The cause of the high intra-hypoxic mortality, noted at 150 mg/kg/dose, is unknown. In mice, single pentoxifylline doses of 200 mg/kg are well tolerated, whereas apparent neurotoxicity and death follow a 400 mg/kg dose (37). P7 rats that died became apneic, with no visible seizures preceding apnea. Assisted ventilation to prevent apnea is not feasible in P7 rats because of their small size. Alternatively, increased mortality could have resulted from hypotension; blood pressure cannot be monitored because of their small size. Similar mortality was noted in experiments to evaluate the effect of pentoxifylline on N-methyl-D-aspartate neurotoxicity in P7 rats (F. S. Silverstein, personal communication); thus these detrimental effects are unlikely to be directly related to an interaction with systemic hypoxemia. Clinical trials of pentoxifylline as an adjunctive therapy in critically ill neonates and adults have not raised concerns about adverse side effects of pentoxifylline. Results of recent clinical trials suggest that pentoxifylline treatment may decrease mortality and morbidity associated with neonatal bacterial sepsis (53) and may attenuate multi-organ failure after cardiothoracic surgery in adults (54).
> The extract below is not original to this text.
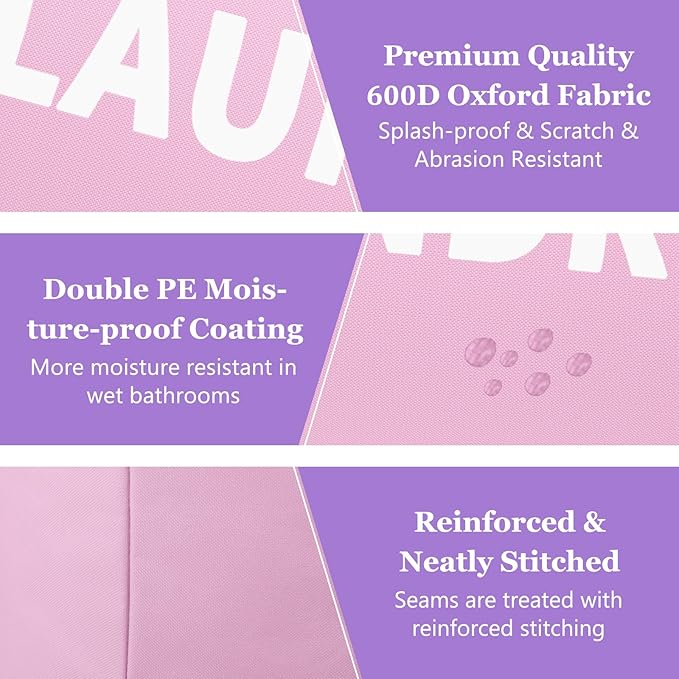 2Pcs Foldable Pink Laundry Basket for Family, 95L Portable Laundry Baskets with Aluminum Handles, Multi-functional Dirty Clothes Hampers for Dorm, Travel, Pink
Thus pentoxifylline might be suitable for clinical trial as a human neuroprotective agent in carefully selected patients at high risk of cerebral hypoxic or ischemic injury.
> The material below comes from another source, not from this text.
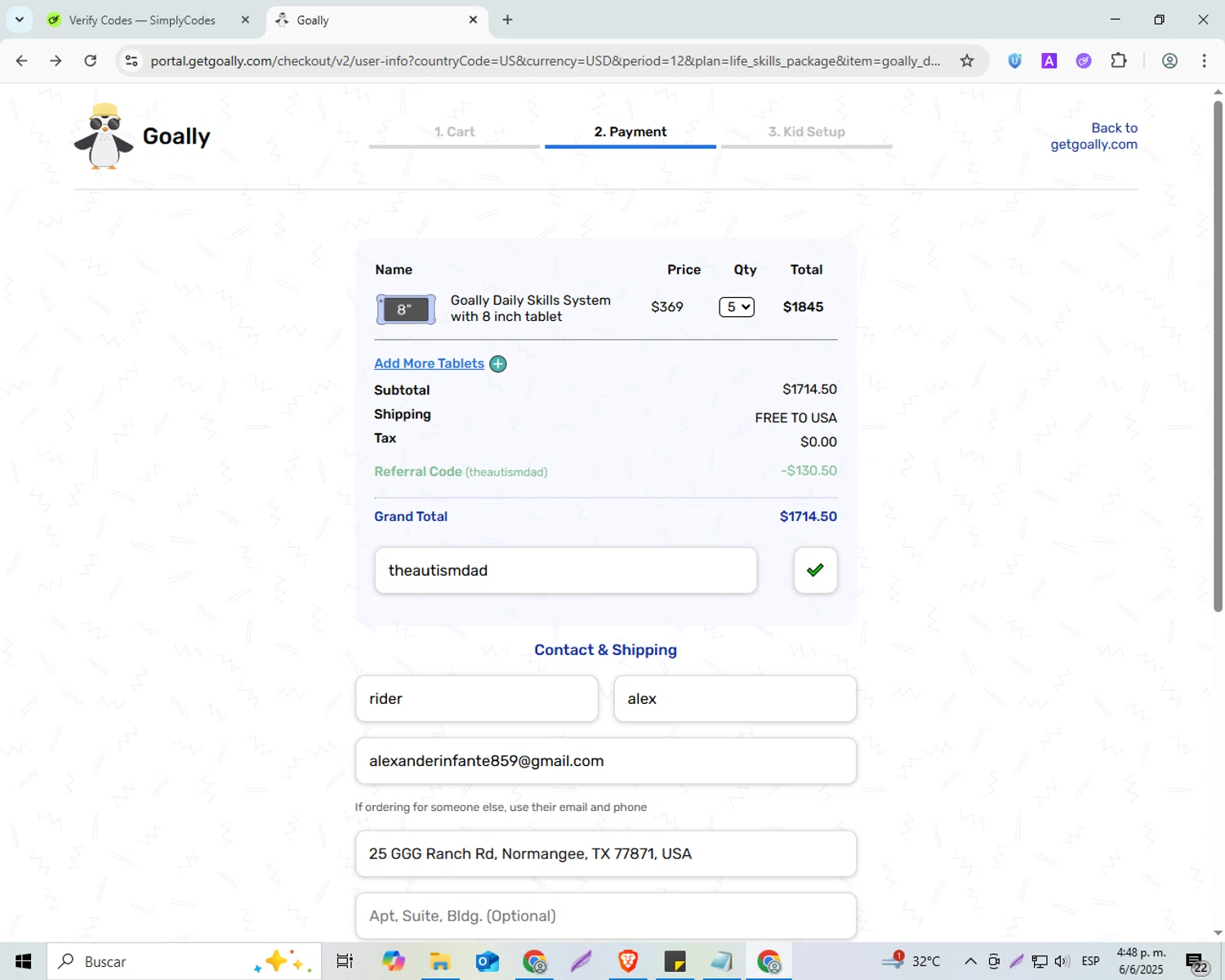 Goally discount code screenshot showing code theautismdad applied at Goally checkout page. Uploaded by SimplyCodes community member EpicEagle6225 on Jun 6, 2025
In conclusion, our results add to the growing body of evidence supporting the hypothesis that inflammatory mediators play a pathogenetic role in hypoxic-ischemic injury to the immature brain. Several strategies to interrupt the inflammatory cascade have proven effective in decreasing the severity of neonatal hypoxic-ischemic brain injury in experimental animals. These therapies have not yet reached clinical practice. Pretreatment with pentoxifylline may offer an effective means to decrease the incidence and severity of hypoxic-ischemic injury to the immature brain. Prophylactic treatment may be feasible in infants identified as having a high risk of cerebral hypoxia-ischemia—for example, infants undergoing heart-lung bypass for surgical repair of congenital cardiac defects or extracorporeal membrane oxygenation.